Detecting Kubernetes Nodes Running Only DaemonSet Pods – A Deep Dive

A real-world story about PromQL struggles, Helm templating, alert design, and operational savings by Dedico Servers.

Executive Summary

At Dedico Servers, we specialize in building efficient, cost-optimized Kubernetes clusters.
In this article, we engineer a Prometheus-based alert to detect nodes running only DaemonSet pods — an operational and financial risk.

By tackling this hidden inefficiency, we help our clients save thousands of dollars annually while improving the resilience of their clusters.

Background

In Kubernetes, DaemonSets ensure that a pod runs on every node.
However, sometimes nodes end up running only DaemonSet pods, without any business-critical workloads, indicating:

Scheduling issues
Misconfiguration
Resource shortages
Node taints blocking scheduling

Detecting DaemonSet-only nodes improves both operational excellence and cost optimization.

Why It Matters: Operational Impact and Cost Waste

Operational Risks

Nodes sitting idle lead to pod scheduling bottlenecks.
Masked scaling issues or cluster misconfigurations.
Poor failover resilience due to fragmented node pools.

Cost Waste 💸

Each Kubernetes node typically costs $20–$200+ per month depending on its instance type.
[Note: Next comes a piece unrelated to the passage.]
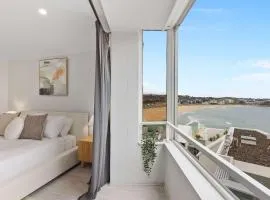Amazing Ocean View Studio at Bondi Beach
Nodes running only system pods (e.g., kube-proxy, metrics-server) without any real workloads:

Waste money on unused compute.
Increase cloud bills without adding business value.
Drain budgets silently.

Example

10 idle nodes × $100/month = $12,000 wasted per year.

The Goal

Create a PrometheusRule that:

Detects nodes only running DaemonSet pods.
Ignores special nodes based on labels.
Is fully dynamic and templated with Helm.
Sends Slack-friendly, human-readable alerts.

Step-by-Step Journey

1. Finding the Right Metrics

We explored:

kube_pod_owner{owner_kind="DaemonSet", pod="ebs-csi-node-cqwrx"}

Problem

kube_pod_owner shows the pod’s owner but not the node.

2. Mapping Pods to Nodes

Solution

Use kube_pod_info to find the node where a pod is running.
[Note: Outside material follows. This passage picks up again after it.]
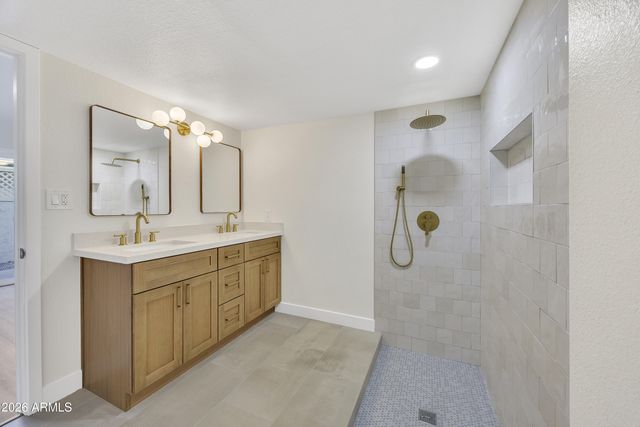 2819 N 49TH Street, Phoenix, AZ 85008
Join kube_pod_owner with kube_pod_info:

kube_pod_owner{owner_kind!="DaemonSet"}
* on (pod, namespace)
group_left(node)
kube_pod_info

✅ Now we could associate pod ownership and node scheduling.
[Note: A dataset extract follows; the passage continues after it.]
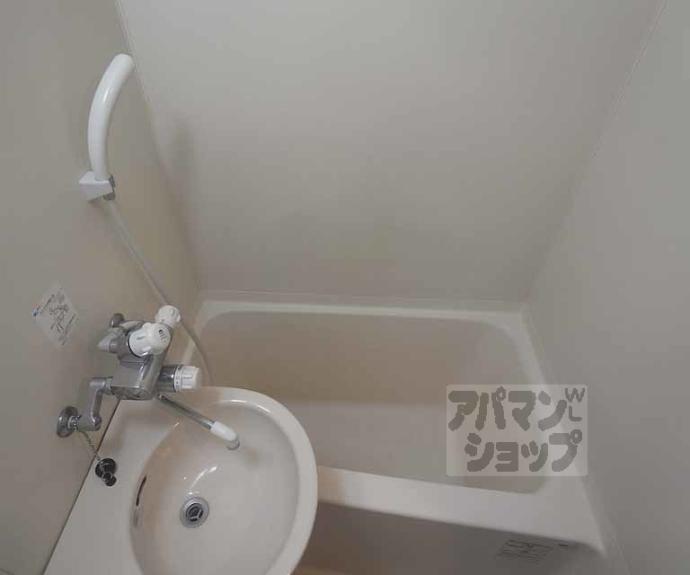 【シャイン東山】間取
3. Solving Many-to-Many Matching Errors

Problem

Same pod names across different namespaces caused matching errors.

Solution

Always join on both pod and namespace:

* on (pod, namespace)

4. Handling Absence Detection

Problem

Initial attempts using absent() failed because missing data is invisible to Prometheus calculations.

Solution

Find a better way to detect nodes without non-DaemonSet pods.

5. Using Set Logic Correctly

Solution

Use unless for set difference:

(
  count by (node) (kube_node_info)
)
unless
(
  count by (node) (
    kube_pod_owner{owner_kind!="DaemonSet"}
    * on (pod, namespace) group_left(node)
    kube_pod_info
  ) > bool 0
)

✅ This correctly finds DaemonSet-only nodes.

6. Enriching Node Labels

We wanted to display:

node/role
node/env
instance-type

Solution

Join using label_kubernetes_io_hostname:

* on (node)
group_left(label_node_env, label_node_role)
kube_node_labels{label_kubernetes_io_hostname!=""}

7. Ignoring Special Nodes Dynamically

Certain nodes (e.g., system nodes) are expected to have only DaemonSets.

Solution

Templating ignoreLabels dynamically in Helm:

ignoreLabels:
  label_node_role: core-services
  label_node_env: infra

Rendering PromQL:

unless on(node) kube_node_labels{label_node_role="core-services", label_node_env="infra"}

8. Formatting Alerts for Slack

To make alerts Slack-friendly, we wrapped important parts in backticks:

summary: "DaemonSet-only node detected: `{{ $labels.node }}`"
description: |
  *Problem*: Node `{{ $labels.node }}` is running only DaemonSet pods.

  *Node Labels*:
  - `node/env`: `{{ $labels.label_node_env }}`
  - `node/role`: `{{ $labels.label_node_role }}`

  *Impact*: No regular workloads are running on this node.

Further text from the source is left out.